(Crawled caption data)

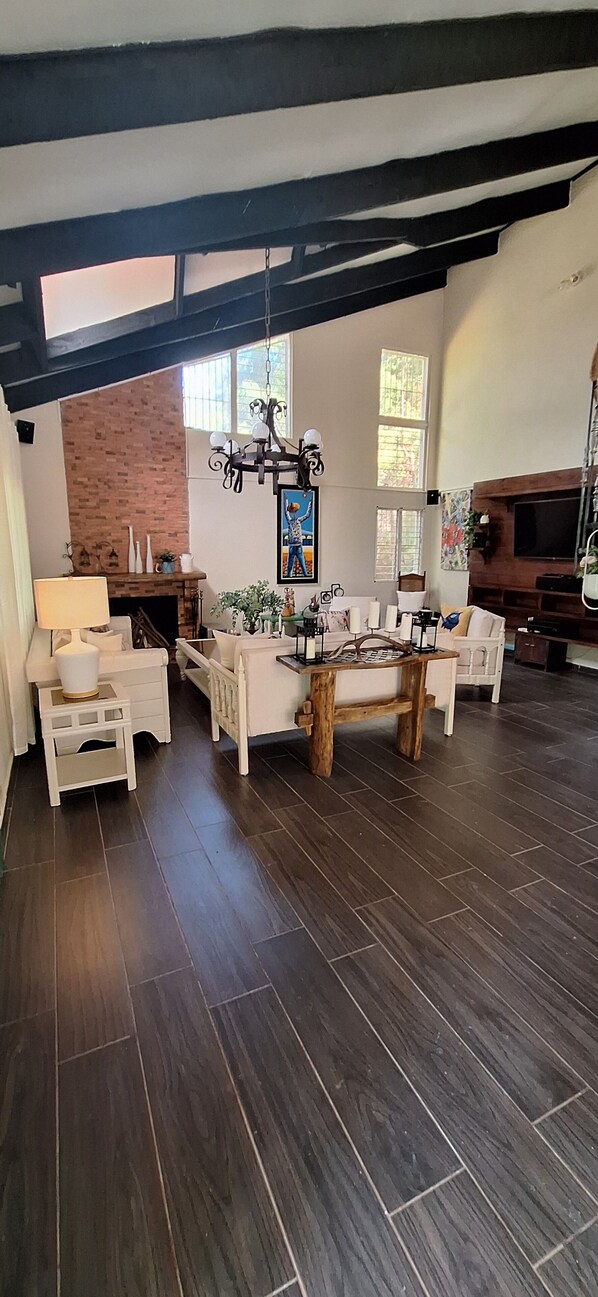 Un salon spacieux doté d’un parquet en bois foncé, d’une cheminée, d’un lustre et d’un téléviseur.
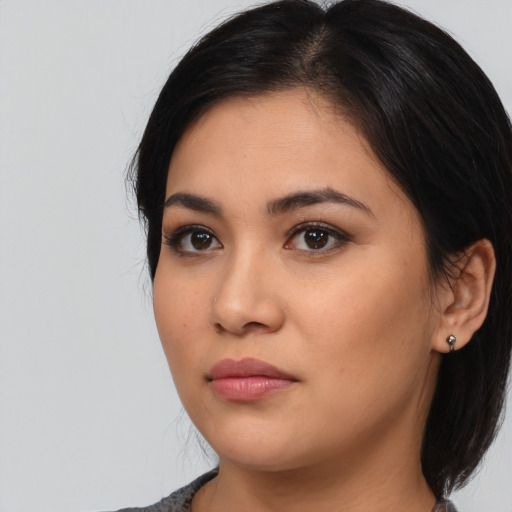 Neutral asian young-adult female with medium  black hair and brown eyes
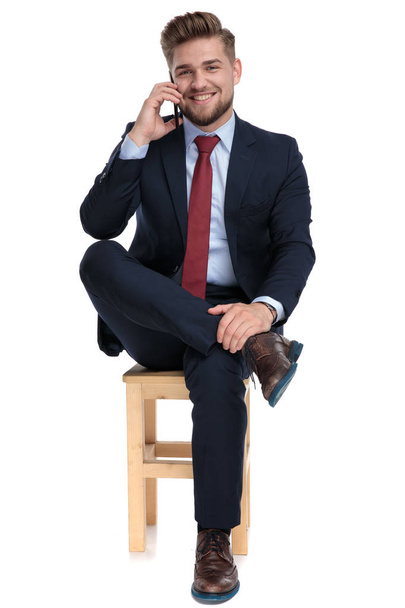 щасливий молодий бізнесмен розмовляє по телефону в студії
 - Фото, зображення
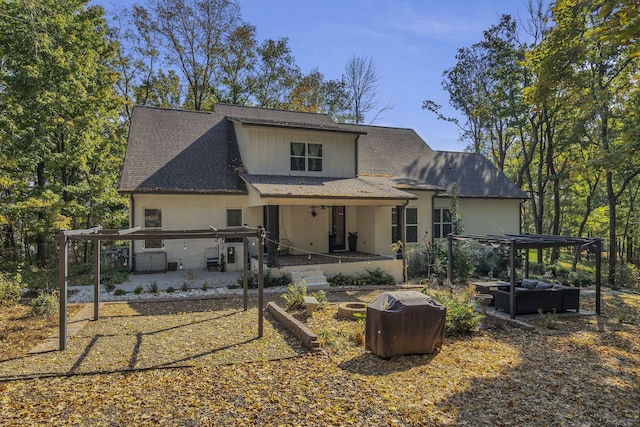 back of house with a patio, an outdoor living space, a hot tub, and a pergola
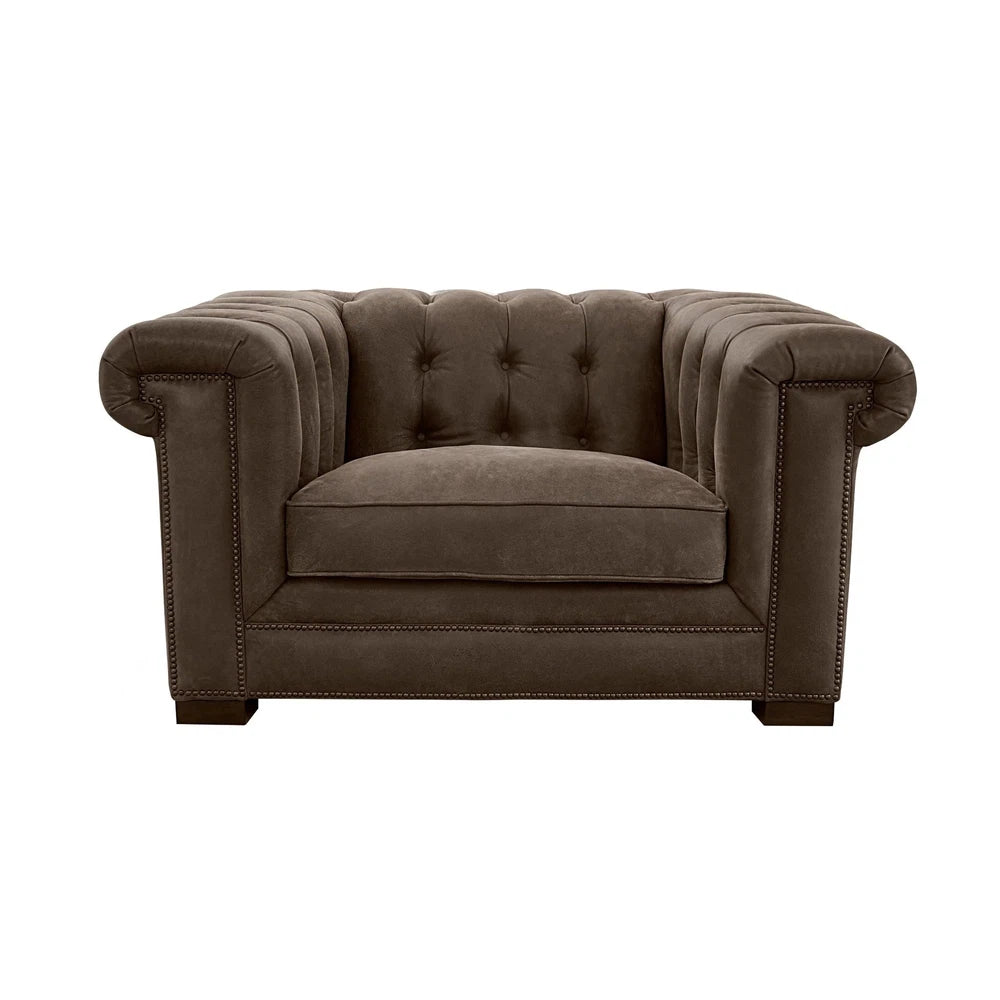The Selleck Chair features a hardwood frame and a key panel arm to provide strength and support. Upholstered with top grain leather all over, it has a button tufted design and comes in either a western or modern style. Providing both superior style and comfort, this chair is the ideal choice for any living space.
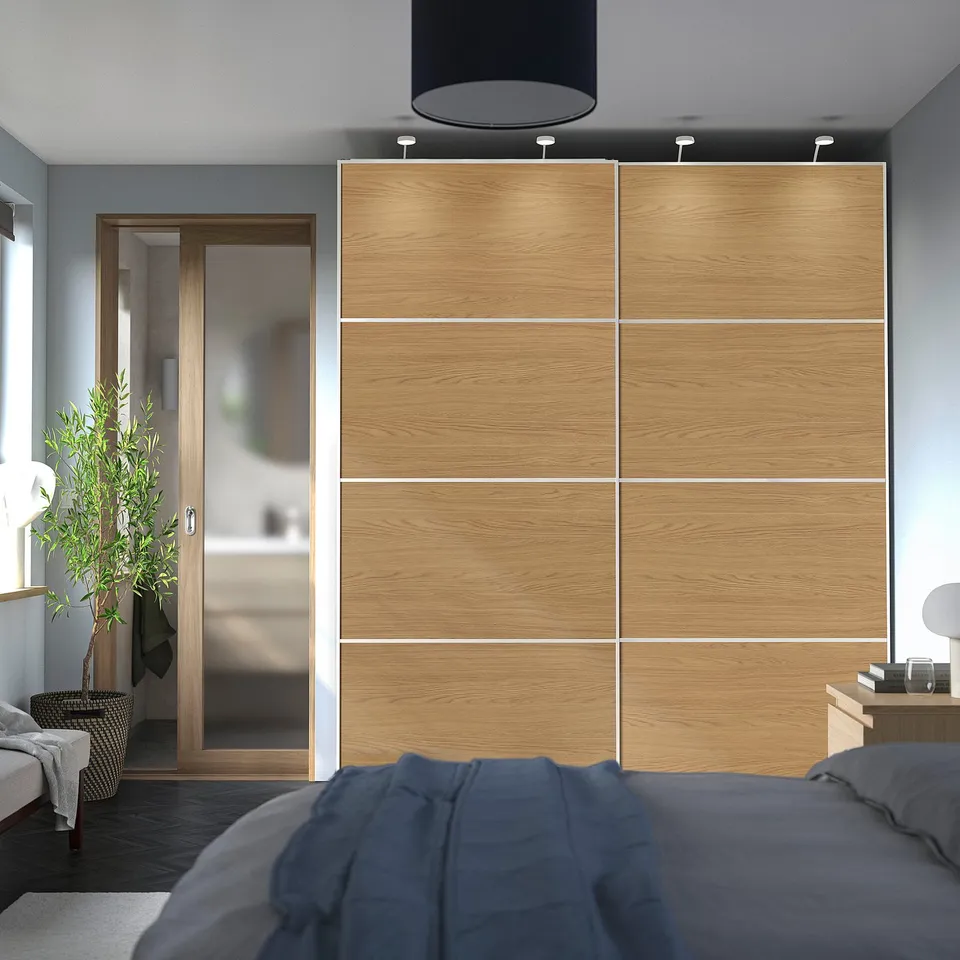 A large, modern wooden wardrobe with sliding doors, creating a warm, minimalist bedroom.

- **What this task involves**: Set each line of the records down again exactly as it reads. Omit the pictures.

- **Exercise solution**:
 Un salon spacieux doté d’un parquet en bois foncé, d’une cheminée, d’un lustre et d’un téléviseur.
 Neutral asian young-adult female with medium  black hair and brown eyes
 щасливий молодий бізнесмен розмовляє по телефону в студії
 - Фото, зображення
 back of house with a patio, an outdoor living space, a hot tub, and a pergola
The Selleck Chair features a hardwood frame and a key panel arm to provide strength and support. Upholstered with top grain leather all over, it has a button tufted design and comes in either a western or modern style. Providing both superior style and comfort, this chair is the ideal choice for any living space.
 A large, modern wooden wardrobe with sliding doors, creating a warm, minimalist bedroom.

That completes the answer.